Mastercard opens access to its blockchain tech

Mastercard has opened its blockchain tech to developers, allowing financial institutions and merchants on a selective basis to start testing their own blockchain-based solutions. It both tested and validated its blockchain, and has prepared it initially for the B2B space to address challenges of speed, transparency, and costs in cross-border payments.
 
"By combining Mastercard blockchain technology with our settlement network and associated network rules, we have created a solution that is safe, secure, auditable, and easy to scale," Mastercard Labs executive vice president Ken Moore said.
 
"When it comes to payments, we want to provide choice and flexibility to our partners where they are able to seamlessly use both our existing and new payment rails based on the needs and requirements of their customers."
 
In a video prepared by Mastercard, Ricardo Sota, manager at Payments Innovation Mastercard Labs, said the company decided to create its own technology in order to prove if blockchain will in fact transform how organisations transfer and share value among each other.
 
The Mastercard blockchain is a permissioned blockchain, which will allow participants to maintain the distributed ledger without sacrificing scalability or performance, Sota explains in the video.
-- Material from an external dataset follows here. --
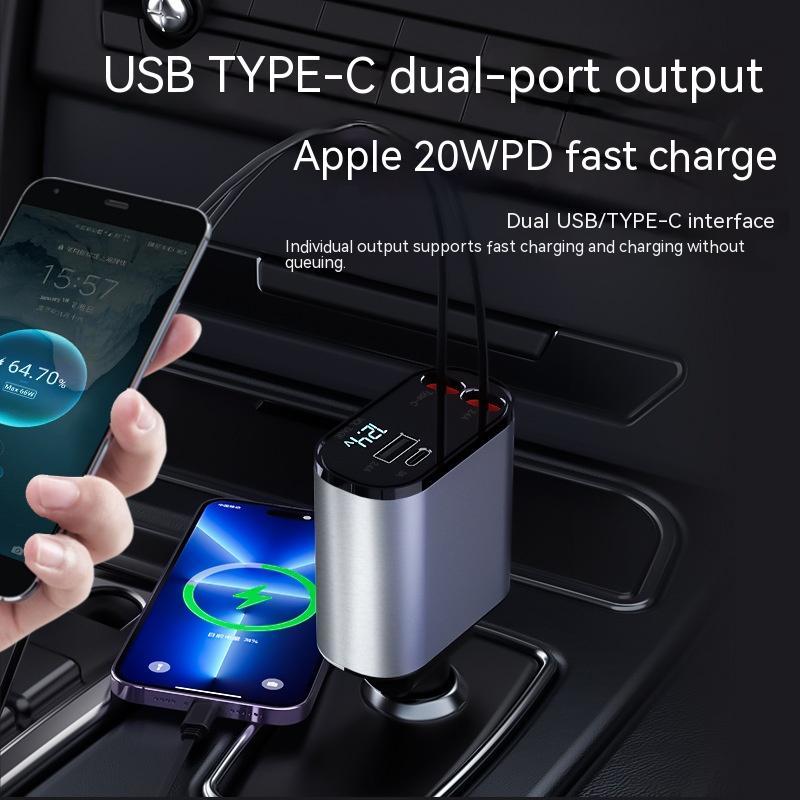 ULTRA-FAST 86W Retractable Car Charger – 300% Speed Increase & Dual Port (66W/20W) – Automatic Cable Storage USB-C/Lightning for Clutter-Free Car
He said it is based on an opaque ledger, which means the details of the transaction can only be seen by those who are participating on that transaction.
 
"Our blockchain technology can be used for clearing in near real-time card payment transactions eliminating consolidation and improving settlement," he said.
 
According to Mastercard, its technology boasts four key differentiators to others in the space, spanning privacy, flexibility, scalability, and the reach of the company’s settlement network.
 
Mastercard said its blockchain provides privacy by ensuring that transaction details are shared only amongst the participants of a transaction while maintaining a fully auditable and valid ledger of transactions, but still allowing partners to use the blockchain APIs alongside other Mastercard APIs
 
As the Mastercard blockchain is designed for commercial processing speed, the company said it can scale further than many others, and with the blockchain integrated into the company’s 22,000 financial institution-strong payment network, users can move transactions quite far via the Mastercard network.
 
Beyond card transactions, the application programming interfaces (APIs) can be used for payments, supply chain, and trade finance operations. Sota expects developers to also toy with non-payment transactions like proof of purchase or authenticity.
 
"It should be fairly simple as they do not have the extra cost of hosting their own … so they can focus on the use cases and once it’s a proven solution they can scale it out," Sota added.
 
With the Mastercard blockchain, the company is hoping to make the commerce ecosystem easier, faster, and safer, and the technology is expected to complement the company’s existing offerings including virtual cards, Mastercard Send, and Vocalink to support all types of cross-border, account-based, blockchain-based, or card-based B2B payments.
 
In addition to building a new solution, Mastercard said it also filed for over 35 patents in blockchain and invested in Digital Currency Group, a collective that builds, incubates, and seeds bitcoin and blockchain technology-related companies.
 
Mastercard also recently joined the Enterprise Ethereum Alliance to explore the possibilities of the ethereum blockchain across a range of potential use cases, many that sit outside the scope of Mastercard’s traditional payments environment.
 
While the bitcoin blockchain is used to track ownership of digital currency, the ethereum blockchain — a custom-built blockchain — focuses on running the programming code of any decentralised application. Instead of mining for bitcoin, miners work to earn ether, a type of crypto token that fuels the network.
 
The EEA initiative is similar to one facilitated by the Linux Foundation that aims to develop an enterprise-grade, open-source distributed ledger framework and to help identify and address important features and requirements that are missing when it comes to having a cross-industry open standard for distributed ledgers.